- Exercise directions:
Apart from the pictures, write out all the records exactly.

__________________________________________________

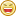 smiley yell Icon, smiley yell,Led,System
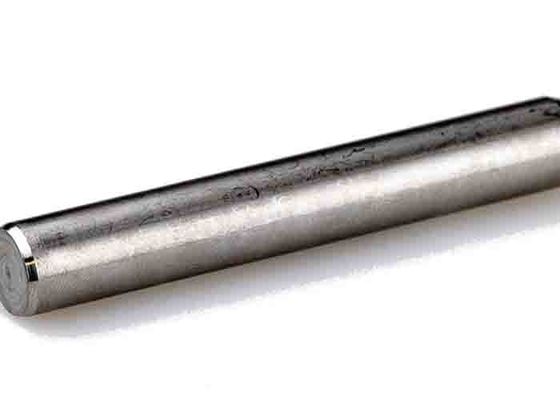 Good price Hot Rolled 316Ti 1 Inch Stainless Steel Rod Round Bar online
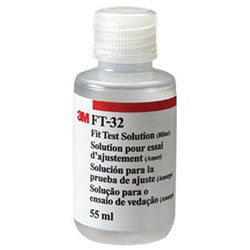 3m-respirator-accessories-num-142-ft-32_1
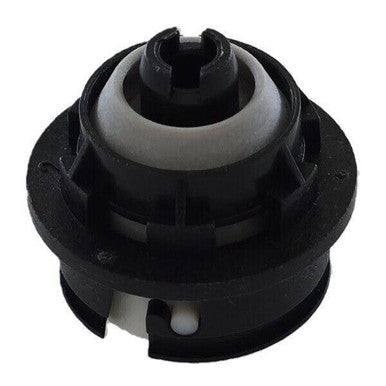TEFAL PRESSURE COOKER SAFETY VALVE SS980922 FOR CLIPSO ONE LISTED GENUINE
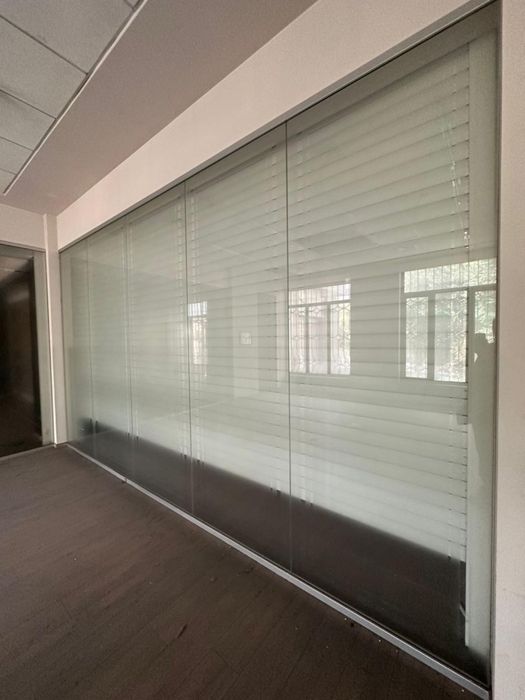 ролставни для гаражных ворот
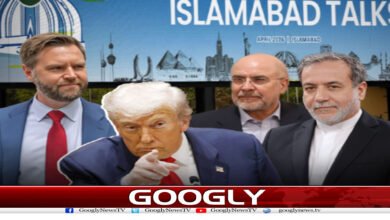 website Googly 316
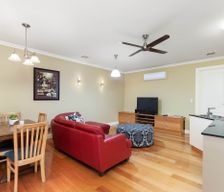 Australia South Australia Mount Gambier vacation rental compare prices direct by owner 5602539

__________________________________________________

- Written answer:
 smiley yell Icon, smiley yell,Led,System
 Good price Hot Rolled 316Ti 1 Inch Stainless Steel Rod Round Bar online
 3m-respirator-accessories-num-142-ft-32_1
TEFAL PRESSURE COOKER SAFETY VALVE SS980922 FOR CLIPSO ONE LISTED GENUINE
 ролставни для гаражных ворот
 website Googly 316
 Australia South Australia Mount Gambier vacation rental compare prices direct by owner 5602539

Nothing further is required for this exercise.